Create a transformation pipeline:

In [30]:
transformations = transforms.Compose([
    transforms.RandomHorizontalFlip(),
    transforms.RandomRotation(20),
    transforms.ToTensor(),
    transforms.Normalize((0.5, 0.5, 0.5),(0.5, 0.5, 0.5))
])

Use the datasets module to create the training dataset:

In [31]:
train_data = datasets.CIFAR10('CIFAR10', train=True, download=True, transform=transformations)

Downloading https://www.cs.toronto.edu/~kriz/cifar-10-python.tar.gz to CIFAR10/cifar-10-python.tar.gz


  0%|          | 0/170498071 [00:00<?, ?it/s]

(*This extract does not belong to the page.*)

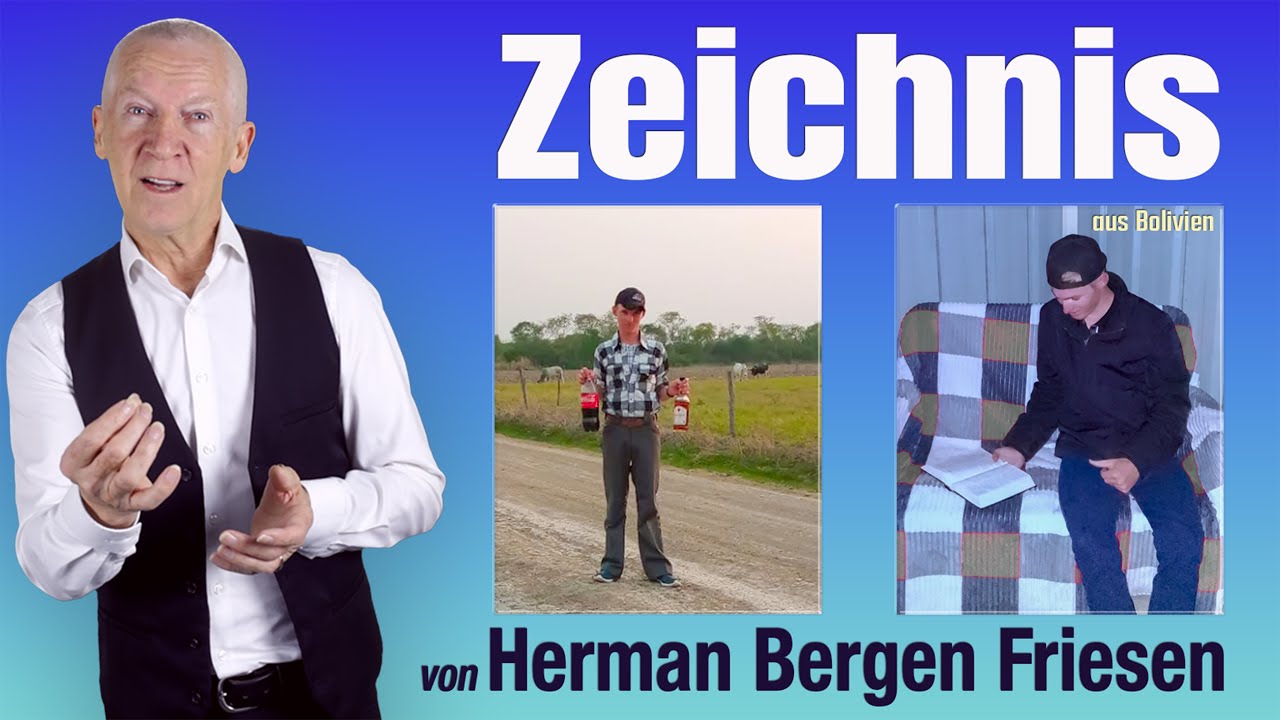 Zeichnis von Herman Bergen Friesen, Bolivien - Plautdietsch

Extracting CIFAR10/cifar-10-python.tar.gz to CIFAR10


In [32]:
test_data = datasets.CIFAR10('CIFAR10', train=False, download=True, transform=transformations)

Files already downloaded and verified


In [33]:
len(train_data), len(test_data)

(50000, 10000)

Create a validation set from our training set; for this, we will make an import from the torch module:

In [35]:
from torch.utils.data.sampler import SubsetRandomSampler
import numpy as np

In [36]:
validation_size = 0.2
training_size = len(train_data)
indices = list(range(training_size))
np.random.shuffle(indices)
index_split = int(np.floor(training_size * validation_size))

In [37]:
validation_indices, training_indices = indices[:index_split], indices[index_split:]

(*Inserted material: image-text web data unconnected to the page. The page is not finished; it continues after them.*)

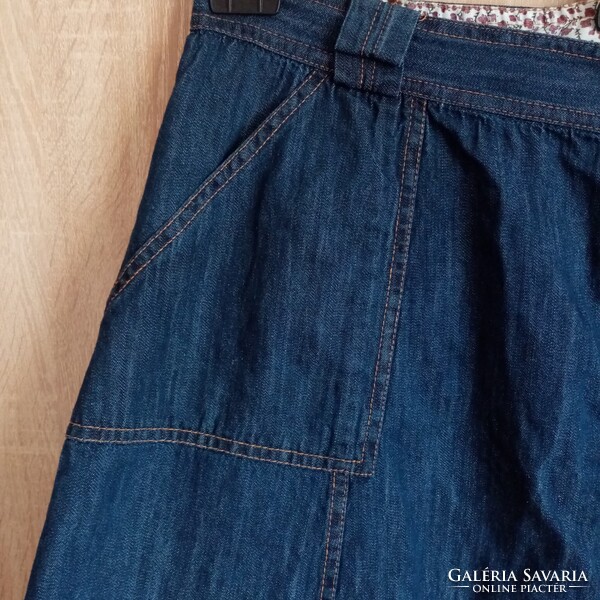 ANTHOLOGY denim moletti elöl gombos farmerszoknya XXL-3XL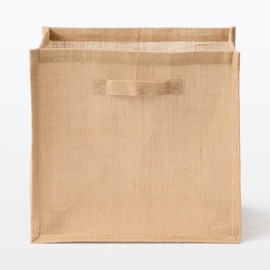 MUJI KG0RYA2A Jute Storage Bag, Rectangle, Medium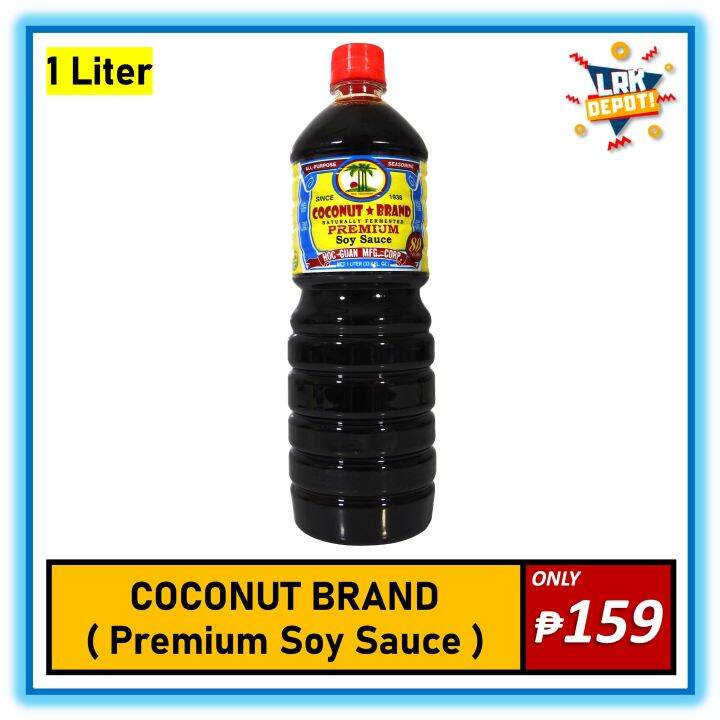 Coconut Brand Naturally Fermented Premium Soy Sauce 1L / 1 Liter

Use the subset random sampler from torch:

In [38]:
training_sample = SubsetRandomSampler(training_indices)
validation_sample = SubsetRandomSampler(validation_indices)

In [39]:
batch_size = 16

In [40]:
from torch.utils.data.dataloader import DataLoader

Create training, validation, and test dataset batches:

In [41]:
train_loader = DataLoader(train_data, batch_size=batch_size, sampler=training_sample)
valid_loader = DataLoader(train_data, batch_size=batch_size, sampler=validation_sample)
test_loader = DataLoader(train_data, batch_size=batch_size)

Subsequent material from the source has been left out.